WOLFSBURG, Germany -- Volkswagen AG will ask German workers to forego pay raises for two years as part of a broader plan to cut labor costs by some $2.51 billion in the next six years, the carmaker said Monday.
There is "no room" for increased wages, said VW personnel chief Peter Hartz, who wants to use next month's wage negotiations as a starting point to slash its labor cost base by 30 percent by 2011.
He also rebuffed a demand from the IG Metall metal workers union that Europe's biggest carmaker guarantee 103,000 jobs at six western German plants for the next decade.
Reuters reported on Saturday that VW would insist on a pay freeze of at least one year, according to a company source.
Last week, VW's works council and the IG Metall union also staked out a hard-line bargaining position for the talks, demanding a 4 percent wage increase and extensive job guarantees.
VW, which recently warned that it would fail to meet its 2004 profit target by about $734 million, is grappling with currency head winds, high production costs, slack demand and an erosion of prices in its key markets.
NO PRODUCTION SHIFT
VW's Hartz, architect of the country's broader labor market reforms, demanded more flexibility from a work force that earns about a fifth more than other German metal workers.

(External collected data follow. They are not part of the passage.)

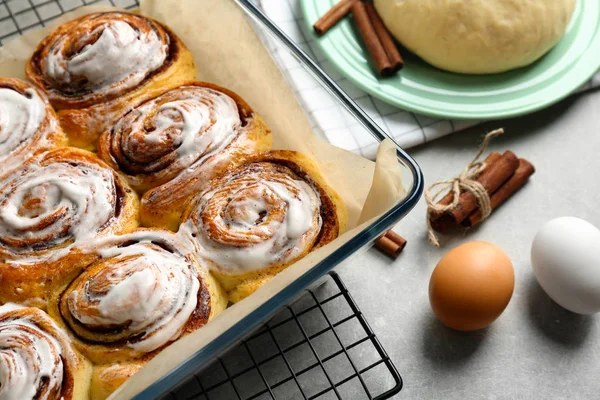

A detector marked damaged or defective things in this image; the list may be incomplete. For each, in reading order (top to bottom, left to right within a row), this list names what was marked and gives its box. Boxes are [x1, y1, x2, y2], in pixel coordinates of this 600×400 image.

broken cinnamon stick piece [314, 0, 356, 36]
broken cinnamon stick piece [350, 1, 396, 76]
broken cinnamon stick piece [360, 2, 404, 72]
broken cinnamon stick piece [432, 152, 502, 209]
broken cinnamon stick piece [432, 151, 520, 233]
broken cinnamon stick piece [464, 159, 536, 228]
broken cinnamon stick piece [376, 231, 408, 260]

He said though that this didn't mean that current employees would have less money in their pockets: "It's much more about an intelligent, structural re-orientation of the labor costs."

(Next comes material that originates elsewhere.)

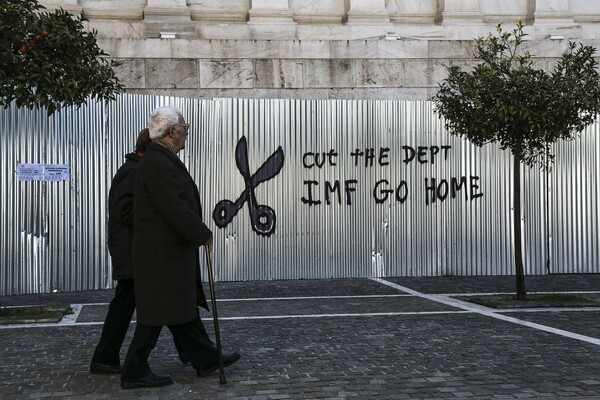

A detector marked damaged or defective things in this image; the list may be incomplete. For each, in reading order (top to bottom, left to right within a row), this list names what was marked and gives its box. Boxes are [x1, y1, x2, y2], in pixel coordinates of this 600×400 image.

rusty metal panel [0, 94, 596, 294]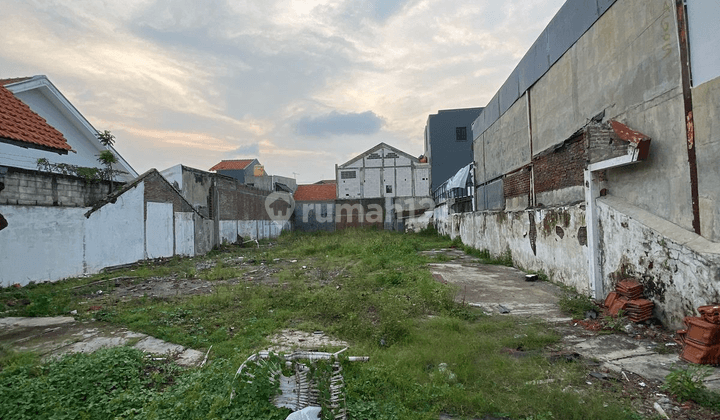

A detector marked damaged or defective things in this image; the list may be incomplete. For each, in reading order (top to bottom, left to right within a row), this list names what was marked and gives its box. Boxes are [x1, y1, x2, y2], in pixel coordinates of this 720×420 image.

The VW negotiations are being closely watched as a gauge of German workers' readiness to get job security in exchange for wage concessions that would boost the competitiveness of Europe's biggest economy.
Germany's DaimlerChrysler last month managed to wring $612 million in labor cost savings from German employees at its flagship Mercedes unit in exchange for job guarantees, after threatening to ax 6,000 jobs at one plant.
Unlike Mercedes boss Juergen Hubbert, Hartz didn't take out the heavy ammunition by threatening to move some auto manufacturing abroad. "We're offering alternatives to relocating production," he said.
The company presented a seven-point plan to be implemented in the coming six years that included reducing the number of different wage classes to 12 from 22 and linking bonuses to corporate earnings.
Hartmut Meine, who heads IG Metall's negotiating team in VW's home state of Lower Saxony, said it was unfair to make staff bear the brunt of the efficiency drive at VW.
"If it came to a pay freeze, it would basically mean an announcement that shareholders also get nothing," he told German television on Monday. "Shareholders get a regular dividend, so why should the workers get nothing?"